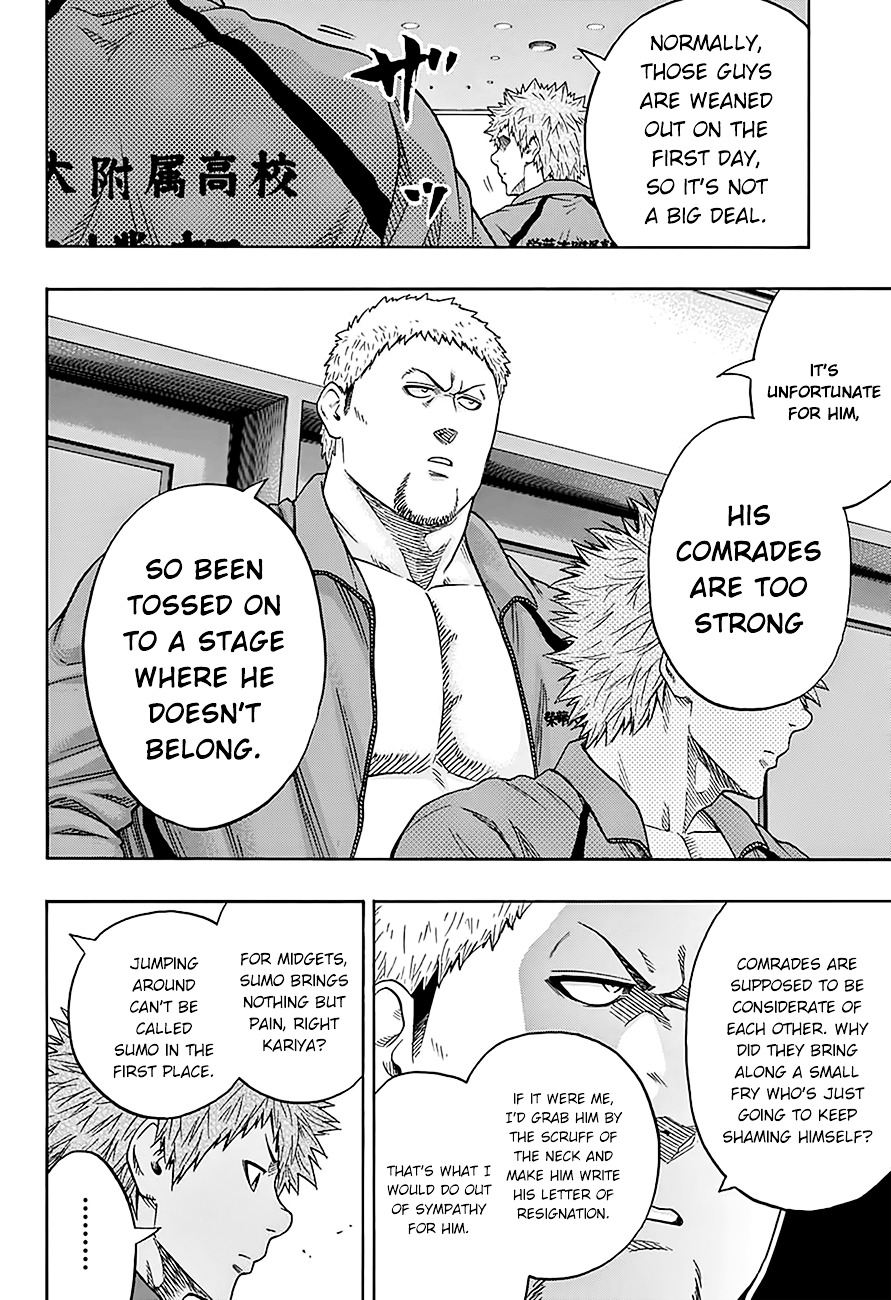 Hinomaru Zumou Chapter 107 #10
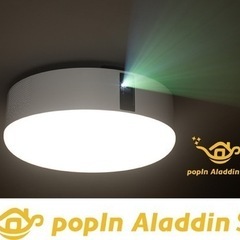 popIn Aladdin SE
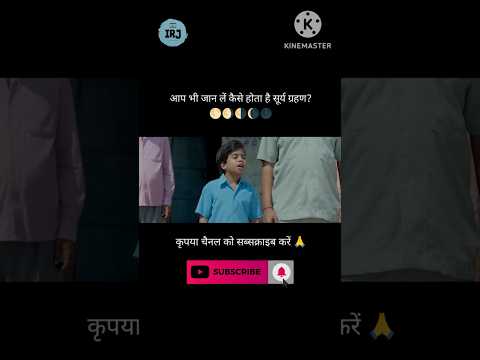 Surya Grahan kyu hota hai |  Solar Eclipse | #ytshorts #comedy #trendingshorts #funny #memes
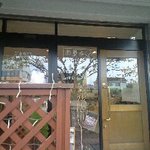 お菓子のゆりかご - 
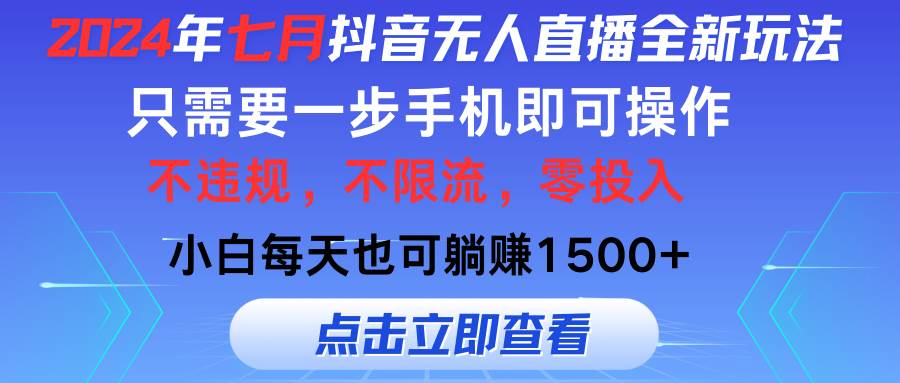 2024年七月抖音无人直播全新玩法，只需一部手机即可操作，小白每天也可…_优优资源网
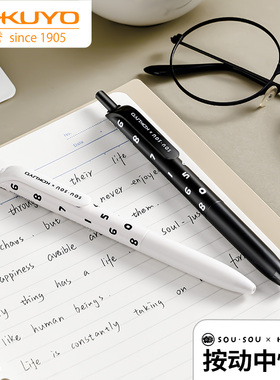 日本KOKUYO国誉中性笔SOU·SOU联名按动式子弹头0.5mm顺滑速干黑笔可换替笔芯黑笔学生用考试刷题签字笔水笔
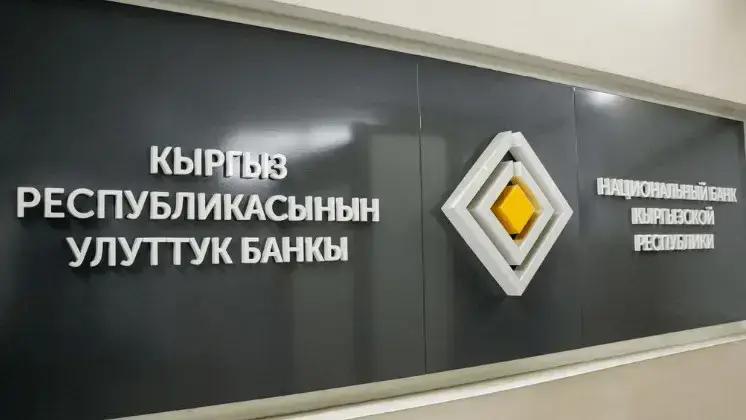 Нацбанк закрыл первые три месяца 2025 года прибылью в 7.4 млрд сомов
== == ==
**Work instruction**
Restate the material above word for word, so that nothing changes except that the pictures are gone.

**Task answer**
 Hinomaru Zumou Chapter 107 #10
 popIn Aladdin SE
 Surya Grahan kyu hota hai |  Solar Eclipse | #ytshorts #comedy #trendingshorts #funny #memes
 お菓子のゆりかご - 
 2024年七月抖音无人直播全新玩法，只需一部手机即可操作，小白每天也可…_优优资源网
 日本KOKUYO国誉中性笔SOU·SOU联名按动式子弹头0.5mm顺滑速干黑笔可换替笔芯黑笔学生用考试刷题签字笔水笔
 Нацбанк закрыл первые три месяца 2025 года прибылью в 7.4 млрд сомов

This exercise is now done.